### Exercise
Each line from the one that includes "Вершитель судеб - переезд." to the last line of the data below should be set down exactly; no other lines are wanted.

*** Opening of Data supplied ***

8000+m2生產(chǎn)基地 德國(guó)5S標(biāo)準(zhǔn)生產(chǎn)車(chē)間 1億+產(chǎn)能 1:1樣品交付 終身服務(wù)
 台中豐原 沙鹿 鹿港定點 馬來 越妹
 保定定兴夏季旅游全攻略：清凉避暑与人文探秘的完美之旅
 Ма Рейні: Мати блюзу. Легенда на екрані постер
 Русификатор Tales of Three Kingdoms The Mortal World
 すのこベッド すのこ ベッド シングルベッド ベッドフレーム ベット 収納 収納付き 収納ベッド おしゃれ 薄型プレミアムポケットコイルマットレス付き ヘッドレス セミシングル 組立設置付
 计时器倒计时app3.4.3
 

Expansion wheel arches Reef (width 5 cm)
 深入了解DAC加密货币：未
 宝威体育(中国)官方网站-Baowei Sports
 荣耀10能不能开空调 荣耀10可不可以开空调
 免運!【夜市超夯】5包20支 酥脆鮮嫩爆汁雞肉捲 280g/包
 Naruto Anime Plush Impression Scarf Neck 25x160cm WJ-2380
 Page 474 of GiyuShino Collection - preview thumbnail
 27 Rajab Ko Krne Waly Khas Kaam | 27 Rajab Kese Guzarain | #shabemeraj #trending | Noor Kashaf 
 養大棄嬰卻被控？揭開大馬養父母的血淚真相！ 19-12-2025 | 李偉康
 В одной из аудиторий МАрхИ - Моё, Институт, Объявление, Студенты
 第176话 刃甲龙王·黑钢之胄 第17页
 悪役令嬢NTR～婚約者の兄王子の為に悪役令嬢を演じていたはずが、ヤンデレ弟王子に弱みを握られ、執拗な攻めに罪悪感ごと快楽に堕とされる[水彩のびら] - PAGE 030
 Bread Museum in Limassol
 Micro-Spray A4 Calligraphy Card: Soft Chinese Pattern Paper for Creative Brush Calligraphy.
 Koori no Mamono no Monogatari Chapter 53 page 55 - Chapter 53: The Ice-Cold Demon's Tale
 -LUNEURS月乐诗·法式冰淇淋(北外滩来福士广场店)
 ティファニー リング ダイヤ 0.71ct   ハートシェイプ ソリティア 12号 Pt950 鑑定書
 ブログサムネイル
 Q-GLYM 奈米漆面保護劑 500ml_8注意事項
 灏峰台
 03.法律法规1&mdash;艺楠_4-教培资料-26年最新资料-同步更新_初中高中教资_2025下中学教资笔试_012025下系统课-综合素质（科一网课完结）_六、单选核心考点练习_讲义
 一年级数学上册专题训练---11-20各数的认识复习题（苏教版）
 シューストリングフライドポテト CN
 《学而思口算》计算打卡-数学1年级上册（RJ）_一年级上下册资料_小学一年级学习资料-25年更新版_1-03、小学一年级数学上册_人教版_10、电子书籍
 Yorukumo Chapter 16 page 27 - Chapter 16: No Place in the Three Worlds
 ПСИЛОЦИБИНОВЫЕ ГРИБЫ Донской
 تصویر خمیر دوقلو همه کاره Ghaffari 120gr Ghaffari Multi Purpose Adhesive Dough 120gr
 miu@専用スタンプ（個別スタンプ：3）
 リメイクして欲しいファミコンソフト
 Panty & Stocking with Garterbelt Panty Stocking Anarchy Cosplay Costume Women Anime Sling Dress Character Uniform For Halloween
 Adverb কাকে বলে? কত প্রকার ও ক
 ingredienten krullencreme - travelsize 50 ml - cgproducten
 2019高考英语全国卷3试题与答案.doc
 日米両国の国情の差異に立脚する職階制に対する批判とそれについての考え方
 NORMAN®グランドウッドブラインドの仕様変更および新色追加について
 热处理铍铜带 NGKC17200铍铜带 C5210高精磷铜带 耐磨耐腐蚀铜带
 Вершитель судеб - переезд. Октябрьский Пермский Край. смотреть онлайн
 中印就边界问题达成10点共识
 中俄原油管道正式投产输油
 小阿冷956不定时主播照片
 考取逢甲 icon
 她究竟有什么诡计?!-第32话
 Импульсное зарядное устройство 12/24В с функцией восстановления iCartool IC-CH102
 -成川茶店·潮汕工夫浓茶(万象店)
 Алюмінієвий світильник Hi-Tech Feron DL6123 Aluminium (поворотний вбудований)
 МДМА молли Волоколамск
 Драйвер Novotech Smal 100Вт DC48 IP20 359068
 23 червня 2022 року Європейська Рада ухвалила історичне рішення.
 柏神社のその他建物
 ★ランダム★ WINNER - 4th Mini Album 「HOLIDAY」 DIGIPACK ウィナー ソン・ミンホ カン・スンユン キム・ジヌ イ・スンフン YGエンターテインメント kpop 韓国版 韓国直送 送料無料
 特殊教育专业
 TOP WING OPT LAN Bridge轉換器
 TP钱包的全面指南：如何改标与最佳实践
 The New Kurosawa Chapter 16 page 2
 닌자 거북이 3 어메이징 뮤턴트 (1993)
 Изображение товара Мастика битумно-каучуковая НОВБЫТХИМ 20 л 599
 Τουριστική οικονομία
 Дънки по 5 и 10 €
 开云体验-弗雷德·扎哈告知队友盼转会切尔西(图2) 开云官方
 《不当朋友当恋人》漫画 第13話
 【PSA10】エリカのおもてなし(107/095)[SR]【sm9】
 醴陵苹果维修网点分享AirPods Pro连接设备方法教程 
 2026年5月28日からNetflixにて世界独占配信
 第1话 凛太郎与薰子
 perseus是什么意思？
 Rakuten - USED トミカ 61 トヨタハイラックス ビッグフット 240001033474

*** Close of Data supplied ***

### Exercise response
 Вершитель судеб - переезд. Октябрьский Пермский Край. смотреть онлайн
 中印就边界问题达成10点共识
 中俄原油管道正式投产输油
 小阿冷956不定时主播照片
 考取逢甲 icon
 她究竟有什么诡计?!-第32话
 Импульсное зарядное устройство 12/24В с функцией восстановления iCartool IC-CH102
 -成川茶店·潮汕工夫浓茶(万象店)
 Алюмінієвий світильник Hi-Tech Feron DL6123 Aluminium (поворотний вбудований)
 МДМА молли Волоколамск
 Драйвер Novotech Smal 100Вт DC48 IP20 359068
 23 червня 2022 року Європейська Рада ухвалила історичне рішення.
 柏神社のその他建物
 ★ランダム★ WINNER - 4th Mini Album 「HOLIDAY」 DIGIPACK ウィナー ソン・ミンホ カン・スンユン キム・ジヌ イ・スンフン YGエンターテインメント kpop 韓国版 韓国直送 送料無料
 特殊教育专业
 TOP WING OPT LAN Bridge轉換器
 TP钱包的全面指南：如何改标与最佳实践
 The New Kurosawa Chapter 16 page 2
 닌자 거북이 3 어메이징 뮤턴트 (1993)
 Изображение товара Мастика битумно-каучуковая НОВБЫТХИМ 20 л 599
 Τουριστική οικονομία
 Дънки по 5 и 10 €
 开云体验-弗雷德·扎哈告知队友盼转会切尔西(图2) 开云官方
 《不当朋友当恋人》漫画 第13話
 【PSA10】エリカのおもてなし(107/095)[SR]【sm9】
 醴陵苹果维修网点分享AirPods Pro连接设备方法教程 
 2026年5月28日からNetflixにて世界独占配信
 第1话 凛太郎与薰子
 perseus是什么意思？
 Rakuten - USED トミカ 61 トヨタハイラックス ビッグフット 240001033474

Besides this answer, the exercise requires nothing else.